Question
Dear Gramps,
I have read all your posts to questions on marriage, but I would like your further opinion on children born to a second marriage. If both the wife and the husband were sealed to their first spouses, and they marry and have children, are not the children born under the covenant twice, to both the husband and the wife? Where do they belong in the eternal family tree?
Chris
Answer
Dear Chris,
There can be many different circumstances, but children are only to be sealed to one set of parents. What happens with the children if their parents are divorced and have their sealing canceled? President Joseph Fielding Smith stated:
“…these children belong to God; they are his children, sent to that home with all the rights of protection from father and mother, guidance from father and mother, to be built up and strengthened in the faith, and to go into the heavens, into the celestial kingdom with the father and mother to sit with them in exaltation and glory.” He further stated: “When a man and woman are married in the temple for time and all eternity and then separate, the children will go with the parent who is justified and who has kept the covenants. If neither of them has kept his covenants, the children may be taken away from both of them and given to somebody else, and that would be by virtue of being born under the covenant. A child is not to be sealed the second time when born under the covenant, but by virtue of that birthright can be transferred.” (Doctrine of Salvation 2: 91-92)

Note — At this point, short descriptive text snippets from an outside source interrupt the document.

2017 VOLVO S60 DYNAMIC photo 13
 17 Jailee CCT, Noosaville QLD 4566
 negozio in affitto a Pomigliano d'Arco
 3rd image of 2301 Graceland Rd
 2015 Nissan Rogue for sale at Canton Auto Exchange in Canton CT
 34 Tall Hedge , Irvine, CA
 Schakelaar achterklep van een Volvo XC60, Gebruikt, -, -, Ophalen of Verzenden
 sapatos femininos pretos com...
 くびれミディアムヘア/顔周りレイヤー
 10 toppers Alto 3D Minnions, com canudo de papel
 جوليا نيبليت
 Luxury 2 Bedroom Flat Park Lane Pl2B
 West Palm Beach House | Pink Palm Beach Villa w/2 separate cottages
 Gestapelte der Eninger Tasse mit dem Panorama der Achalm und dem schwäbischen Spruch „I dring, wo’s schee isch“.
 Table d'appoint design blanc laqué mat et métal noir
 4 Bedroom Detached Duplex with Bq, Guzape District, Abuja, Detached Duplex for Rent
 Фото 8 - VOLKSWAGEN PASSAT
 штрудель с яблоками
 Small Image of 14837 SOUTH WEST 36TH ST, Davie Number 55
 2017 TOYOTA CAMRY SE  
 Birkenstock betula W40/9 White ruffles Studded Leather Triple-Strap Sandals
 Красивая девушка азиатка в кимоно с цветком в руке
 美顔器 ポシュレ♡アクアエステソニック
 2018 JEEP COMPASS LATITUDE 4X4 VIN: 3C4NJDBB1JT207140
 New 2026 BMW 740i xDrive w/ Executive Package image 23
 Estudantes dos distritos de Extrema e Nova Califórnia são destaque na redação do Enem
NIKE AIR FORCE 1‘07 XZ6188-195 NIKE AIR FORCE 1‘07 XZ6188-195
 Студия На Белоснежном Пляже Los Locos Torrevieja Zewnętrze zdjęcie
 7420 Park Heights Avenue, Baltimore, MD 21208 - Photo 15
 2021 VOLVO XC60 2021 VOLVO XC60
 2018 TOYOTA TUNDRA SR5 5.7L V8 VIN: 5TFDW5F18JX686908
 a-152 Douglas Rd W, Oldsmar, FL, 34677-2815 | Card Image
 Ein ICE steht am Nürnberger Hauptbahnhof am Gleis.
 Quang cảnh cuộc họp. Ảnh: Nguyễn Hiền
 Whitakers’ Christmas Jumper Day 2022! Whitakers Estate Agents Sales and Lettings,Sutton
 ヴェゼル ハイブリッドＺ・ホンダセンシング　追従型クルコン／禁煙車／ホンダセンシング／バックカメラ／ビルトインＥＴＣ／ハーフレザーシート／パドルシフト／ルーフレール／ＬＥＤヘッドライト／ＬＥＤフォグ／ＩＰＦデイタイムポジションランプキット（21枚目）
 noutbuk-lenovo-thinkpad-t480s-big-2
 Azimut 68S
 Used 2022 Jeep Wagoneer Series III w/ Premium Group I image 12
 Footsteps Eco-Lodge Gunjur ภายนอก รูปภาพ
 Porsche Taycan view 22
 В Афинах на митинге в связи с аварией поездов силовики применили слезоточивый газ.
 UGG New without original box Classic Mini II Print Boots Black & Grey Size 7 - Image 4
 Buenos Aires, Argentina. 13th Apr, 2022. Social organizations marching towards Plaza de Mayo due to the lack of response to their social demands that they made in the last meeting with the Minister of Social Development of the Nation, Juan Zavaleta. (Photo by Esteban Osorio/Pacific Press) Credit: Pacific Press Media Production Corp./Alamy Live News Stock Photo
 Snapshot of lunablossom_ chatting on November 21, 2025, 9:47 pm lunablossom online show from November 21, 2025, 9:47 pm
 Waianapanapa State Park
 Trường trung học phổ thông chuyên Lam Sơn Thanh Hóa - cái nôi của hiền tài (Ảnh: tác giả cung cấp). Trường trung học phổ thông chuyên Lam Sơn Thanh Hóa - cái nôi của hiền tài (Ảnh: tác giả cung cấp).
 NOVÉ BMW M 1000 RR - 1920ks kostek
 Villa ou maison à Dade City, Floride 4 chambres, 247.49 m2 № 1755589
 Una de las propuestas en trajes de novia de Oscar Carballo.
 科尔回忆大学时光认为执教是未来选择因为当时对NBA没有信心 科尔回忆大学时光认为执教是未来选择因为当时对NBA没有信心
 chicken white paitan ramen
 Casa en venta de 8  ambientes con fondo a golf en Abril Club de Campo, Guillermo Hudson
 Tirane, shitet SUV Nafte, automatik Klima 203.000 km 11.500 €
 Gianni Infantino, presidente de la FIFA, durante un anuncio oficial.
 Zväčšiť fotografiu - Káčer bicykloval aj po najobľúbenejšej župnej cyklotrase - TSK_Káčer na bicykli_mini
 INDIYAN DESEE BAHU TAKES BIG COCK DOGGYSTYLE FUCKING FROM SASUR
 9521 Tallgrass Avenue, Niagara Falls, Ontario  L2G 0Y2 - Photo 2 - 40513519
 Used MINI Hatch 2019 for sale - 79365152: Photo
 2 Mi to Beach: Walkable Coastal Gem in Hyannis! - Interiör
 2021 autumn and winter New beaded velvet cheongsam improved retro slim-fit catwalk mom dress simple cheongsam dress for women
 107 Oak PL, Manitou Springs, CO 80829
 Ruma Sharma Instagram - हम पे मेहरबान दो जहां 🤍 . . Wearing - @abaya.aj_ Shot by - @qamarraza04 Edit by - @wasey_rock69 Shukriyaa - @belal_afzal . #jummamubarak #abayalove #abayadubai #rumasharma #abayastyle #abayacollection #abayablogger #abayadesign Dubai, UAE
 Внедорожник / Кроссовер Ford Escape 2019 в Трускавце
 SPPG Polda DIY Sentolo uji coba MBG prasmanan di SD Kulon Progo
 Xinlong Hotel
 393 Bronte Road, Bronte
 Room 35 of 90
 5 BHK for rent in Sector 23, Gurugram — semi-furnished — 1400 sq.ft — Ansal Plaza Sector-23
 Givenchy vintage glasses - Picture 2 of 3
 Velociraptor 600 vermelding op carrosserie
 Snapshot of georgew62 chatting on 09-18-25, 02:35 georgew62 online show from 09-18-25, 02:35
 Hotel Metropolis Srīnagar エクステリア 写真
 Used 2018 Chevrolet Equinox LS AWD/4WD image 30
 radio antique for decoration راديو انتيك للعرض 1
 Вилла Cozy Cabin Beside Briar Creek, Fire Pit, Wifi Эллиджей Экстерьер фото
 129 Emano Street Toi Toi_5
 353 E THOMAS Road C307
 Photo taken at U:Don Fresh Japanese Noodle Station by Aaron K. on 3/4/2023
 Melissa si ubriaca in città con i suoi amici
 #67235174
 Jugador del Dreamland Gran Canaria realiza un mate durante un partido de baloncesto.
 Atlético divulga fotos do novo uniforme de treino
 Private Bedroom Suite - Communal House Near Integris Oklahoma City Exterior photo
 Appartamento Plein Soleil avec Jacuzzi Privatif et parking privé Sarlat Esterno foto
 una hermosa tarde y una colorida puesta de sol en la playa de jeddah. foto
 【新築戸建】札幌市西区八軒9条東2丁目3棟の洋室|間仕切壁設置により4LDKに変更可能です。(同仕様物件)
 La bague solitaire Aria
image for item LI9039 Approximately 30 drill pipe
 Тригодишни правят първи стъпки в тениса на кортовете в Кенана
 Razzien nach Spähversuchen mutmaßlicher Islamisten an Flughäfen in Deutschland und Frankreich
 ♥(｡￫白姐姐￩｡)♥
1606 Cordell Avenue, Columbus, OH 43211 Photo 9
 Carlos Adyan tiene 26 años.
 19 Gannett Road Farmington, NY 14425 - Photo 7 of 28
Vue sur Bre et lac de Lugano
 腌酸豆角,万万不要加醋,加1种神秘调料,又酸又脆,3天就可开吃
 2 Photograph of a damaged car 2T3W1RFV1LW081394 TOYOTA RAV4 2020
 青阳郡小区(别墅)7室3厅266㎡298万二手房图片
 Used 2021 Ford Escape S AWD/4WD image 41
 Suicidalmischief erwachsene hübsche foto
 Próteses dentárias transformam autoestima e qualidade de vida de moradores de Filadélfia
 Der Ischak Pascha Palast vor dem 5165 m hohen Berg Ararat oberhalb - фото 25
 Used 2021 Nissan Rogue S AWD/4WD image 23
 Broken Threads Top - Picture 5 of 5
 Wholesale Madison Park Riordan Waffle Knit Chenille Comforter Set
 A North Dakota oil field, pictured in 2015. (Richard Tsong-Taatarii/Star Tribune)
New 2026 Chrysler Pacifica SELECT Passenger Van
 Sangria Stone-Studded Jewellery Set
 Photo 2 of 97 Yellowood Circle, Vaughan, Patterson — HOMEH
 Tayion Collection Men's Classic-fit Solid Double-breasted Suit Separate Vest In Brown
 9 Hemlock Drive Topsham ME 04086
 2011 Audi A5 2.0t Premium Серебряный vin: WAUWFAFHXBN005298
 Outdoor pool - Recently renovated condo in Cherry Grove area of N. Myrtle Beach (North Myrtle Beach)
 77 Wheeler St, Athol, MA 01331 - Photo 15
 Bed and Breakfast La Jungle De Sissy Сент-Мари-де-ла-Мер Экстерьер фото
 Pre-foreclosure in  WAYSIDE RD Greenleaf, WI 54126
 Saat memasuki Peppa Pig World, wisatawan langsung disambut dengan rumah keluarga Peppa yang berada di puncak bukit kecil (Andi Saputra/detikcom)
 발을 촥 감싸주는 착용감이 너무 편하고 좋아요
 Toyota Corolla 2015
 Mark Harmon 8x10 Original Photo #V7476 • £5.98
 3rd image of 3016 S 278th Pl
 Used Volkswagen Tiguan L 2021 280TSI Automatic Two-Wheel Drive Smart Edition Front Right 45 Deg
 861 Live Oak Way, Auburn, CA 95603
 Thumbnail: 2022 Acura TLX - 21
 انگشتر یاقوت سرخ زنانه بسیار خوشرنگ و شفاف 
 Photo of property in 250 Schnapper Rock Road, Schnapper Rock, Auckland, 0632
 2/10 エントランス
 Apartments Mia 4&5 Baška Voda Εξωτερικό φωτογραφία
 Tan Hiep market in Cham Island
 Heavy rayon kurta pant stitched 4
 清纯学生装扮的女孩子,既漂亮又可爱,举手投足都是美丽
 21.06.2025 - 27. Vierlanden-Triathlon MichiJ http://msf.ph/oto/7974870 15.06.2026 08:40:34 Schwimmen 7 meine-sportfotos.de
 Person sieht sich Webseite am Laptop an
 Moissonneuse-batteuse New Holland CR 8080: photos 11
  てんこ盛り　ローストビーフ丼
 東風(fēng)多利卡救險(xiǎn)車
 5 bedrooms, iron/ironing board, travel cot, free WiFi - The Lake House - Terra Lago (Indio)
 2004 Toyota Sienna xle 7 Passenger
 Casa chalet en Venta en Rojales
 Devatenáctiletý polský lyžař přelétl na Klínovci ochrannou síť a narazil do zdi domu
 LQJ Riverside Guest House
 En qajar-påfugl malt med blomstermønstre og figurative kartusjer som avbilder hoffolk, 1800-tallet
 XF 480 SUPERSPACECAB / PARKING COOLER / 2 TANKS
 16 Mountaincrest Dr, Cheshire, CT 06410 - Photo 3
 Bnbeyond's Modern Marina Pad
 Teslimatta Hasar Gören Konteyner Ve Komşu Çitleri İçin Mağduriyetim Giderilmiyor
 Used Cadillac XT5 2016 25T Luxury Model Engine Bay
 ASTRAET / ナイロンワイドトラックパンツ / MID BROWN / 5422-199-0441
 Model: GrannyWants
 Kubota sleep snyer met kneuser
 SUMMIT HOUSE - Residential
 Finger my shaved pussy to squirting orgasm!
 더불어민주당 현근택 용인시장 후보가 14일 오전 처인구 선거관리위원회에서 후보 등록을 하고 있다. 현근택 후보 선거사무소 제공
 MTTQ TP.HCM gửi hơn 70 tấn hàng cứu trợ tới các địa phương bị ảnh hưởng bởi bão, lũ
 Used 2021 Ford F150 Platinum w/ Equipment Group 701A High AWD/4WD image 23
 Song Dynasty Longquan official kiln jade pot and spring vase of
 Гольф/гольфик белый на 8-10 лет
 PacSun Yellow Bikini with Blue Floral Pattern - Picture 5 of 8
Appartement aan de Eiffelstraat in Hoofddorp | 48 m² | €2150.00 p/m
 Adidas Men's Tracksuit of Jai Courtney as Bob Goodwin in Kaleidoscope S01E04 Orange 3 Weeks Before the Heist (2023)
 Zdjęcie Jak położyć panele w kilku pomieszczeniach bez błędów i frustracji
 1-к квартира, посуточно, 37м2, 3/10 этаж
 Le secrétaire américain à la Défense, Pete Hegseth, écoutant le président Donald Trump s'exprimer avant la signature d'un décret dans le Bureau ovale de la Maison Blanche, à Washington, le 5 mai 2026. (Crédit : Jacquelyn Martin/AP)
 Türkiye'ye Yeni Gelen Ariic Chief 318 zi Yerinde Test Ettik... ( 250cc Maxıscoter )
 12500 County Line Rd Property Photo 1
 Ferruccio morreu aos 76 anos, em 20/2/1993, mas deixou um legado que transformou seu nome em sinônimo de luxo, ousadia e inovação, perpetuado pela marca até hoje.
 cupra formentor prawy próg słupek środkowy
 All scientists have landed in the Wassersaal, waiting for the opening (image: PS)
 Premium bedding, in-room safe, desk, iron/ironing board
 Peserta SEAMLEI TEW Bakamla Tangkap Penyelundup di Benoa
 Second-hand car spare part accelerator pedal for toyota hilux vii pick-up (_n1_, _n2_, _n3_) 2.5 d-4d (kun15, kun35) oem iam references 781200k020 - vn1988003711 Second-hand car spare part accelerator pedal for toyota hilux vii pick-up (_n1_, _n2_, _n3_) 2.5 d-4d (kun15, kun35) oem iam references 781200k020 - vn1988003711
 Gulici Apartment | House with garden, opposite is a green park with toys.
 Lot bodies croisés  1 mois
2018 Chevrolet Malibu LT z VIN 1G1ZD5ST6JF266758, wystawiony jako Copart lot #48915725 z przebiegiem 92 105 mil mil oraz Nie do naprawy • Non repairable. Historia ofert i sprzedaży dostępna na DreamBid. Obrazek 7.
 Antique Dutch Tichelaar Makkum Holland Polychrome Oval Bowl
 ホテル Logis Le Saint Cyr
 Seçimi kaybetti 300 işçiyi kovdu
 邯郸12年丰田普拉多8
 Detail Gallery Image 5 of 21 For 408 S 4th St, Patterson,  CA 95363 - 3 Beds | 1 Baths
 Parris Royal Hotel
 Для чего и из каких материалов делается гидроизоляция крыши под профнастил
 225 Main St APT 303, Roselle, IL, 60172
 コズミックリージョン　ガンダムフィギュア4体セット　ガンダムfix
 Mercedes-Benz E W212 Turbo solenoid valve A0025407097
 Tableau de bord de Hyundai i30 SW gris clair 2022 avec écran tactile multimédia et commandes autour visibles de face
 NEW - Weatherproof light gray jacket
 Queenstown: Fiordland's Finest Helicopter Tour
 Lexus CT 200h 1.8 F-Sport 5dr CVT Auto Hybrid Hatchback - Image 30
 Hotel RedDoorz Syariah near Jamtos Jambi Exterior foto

A woman can only be sealed to one husband at a time. If she obtains a divorce and wants to marry another man, she will need to obtain from the President of the Church, a cancellation of her first sealing prior to being able to be sealed to another man. Her children from any previous marriages that were born in the covenant or sealed to their parents are not to be sealed again as stated by President Smith. A reader of this site wrote the following comment: “I found it enlightening at the sealing of a woman to her second husband, her first having been both abusive and unfaithful, to learn from the Sealer that the first sealing was not canceled until she was able to make that covenant with another because she and the children received all of the promised blessings in spite of the first companion’s sins.”
There are certainly cases where divorce is justified, but if both parties are living the Gospel it would not be so. Spousal abuse, adultery, breaking of Temple Covenants are circumstances where divorce might be permitted if the guilty party is unrepentant. Those contemplating divorce should counsel with their priesthood leaders prior to any action being taken.